Page MenuHomePhabricator

How to page when a host is down?
Closed, ResolvedPublic

Description

The nova-network service on labnet1002 is critical and needs to page. As of today, it is configured to do so.

Alas, if the whole system goes down, the icinga PING test will suppress the nova-network service test. And the PING test does not, itself, page. So we'll get pages if the service dies but not if the whole box goes down.

Is there a way to mark a particular host as critical so that we get paged if the PING test fails? If not, we need a way.

Event Timeline

Andrew raised the priority of this task from to Needs Triage.
Andrew updated the task description. (Show Details)
Andrew added a project: acl*sre-team.
Andrew added a subscriber: Andrew.

The monitoring::host class has a contact_group parameter, like the monitoring::service class does.

monitoring::host { $::hostname:
    contact_group => $contact_group

and this is used in base and defaults to "admins".

class base::monitoring::host(
     $contact_group = 'admins',

You would have to override that and set it to "admins,sms". to get paging for the host.

But... is that really needed?

You say: " if the whole system goes down, the icinga PING test will suppress the nova-network service test." but i'm not so sure about that.

I think as long as you do _not_ define any service dependencies [http://docs.icinga.org/latest/en/dependencies.html] nothing will be supressed by another check. So, if the host is down, naturally also the service on it will be down.. and page.

In other cases this is what annoys us, right? That there are no dependencies defined and if one thing goes down we get all the notifications for all the services on it.

But let's test if we can?

I agree with @Dzahn, it seems what we need is higher level checks for labs networking functioning and page on those. In general I think we're better off having pages for high level service status or IOW things as perceived by users

Agreed, define a high level test which checks Labs networking and is not dependent on a single node being up.

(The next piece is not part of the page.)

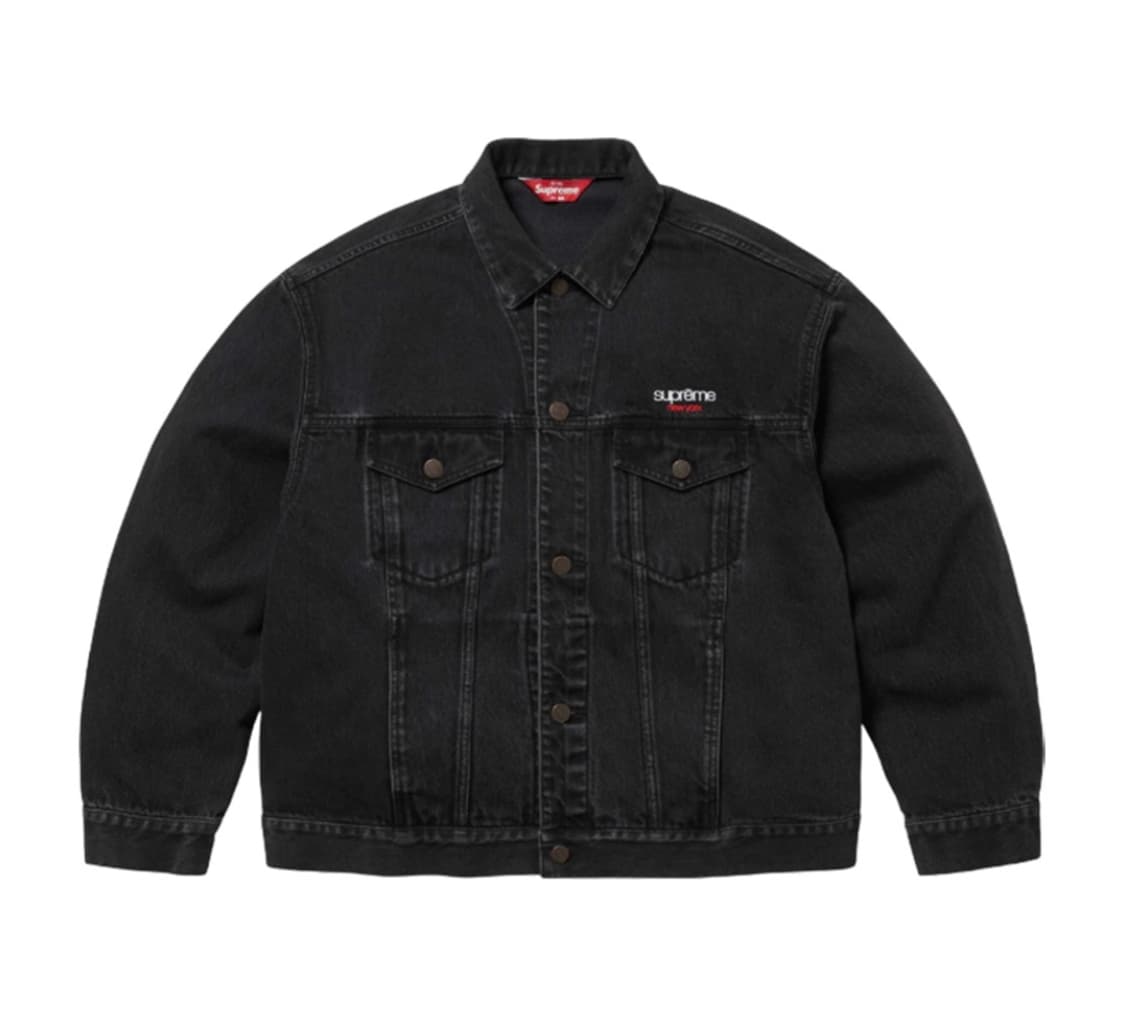 슈프림 데님 트러커 자켓 블랙 - 25SS 상품이미지1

I think as long as you do _not_ define any service dependencies [http://docs.icinga.org/latest
/en/dependencies.html] nothing will be supressed by another check. So, if the host is down, naturally also the
service on it will be down.. and page.

This goes to the root of my question. I can see from the IRC logs that when labnet1001 went down there was only one alert: host down. None of the other services local to that box said anything on IRC. Does that mean that those other alerts didn't fire, or is it just that the IRC system was somehow smart about it?

Does that mean that those other alerts didn't fire, or is it just that the IRC system was somehow smart about it?

Since history rotates so quickly on icinga it's not easy to tell from notification logs anymore, but "Histogram" still has a spike
for a CRIT that happened at the same time, one each for:

You meant labnet1002 right? labnet1001 downtime was a while longer ago per Icinga

@Andrew Did that answer the question or should the ticket stay open?

Dzahn triaged this task as Medium priority.

ok, everyone seems to think that this is not a problem, so I will close and reopen if it turns out to be a problem at some point.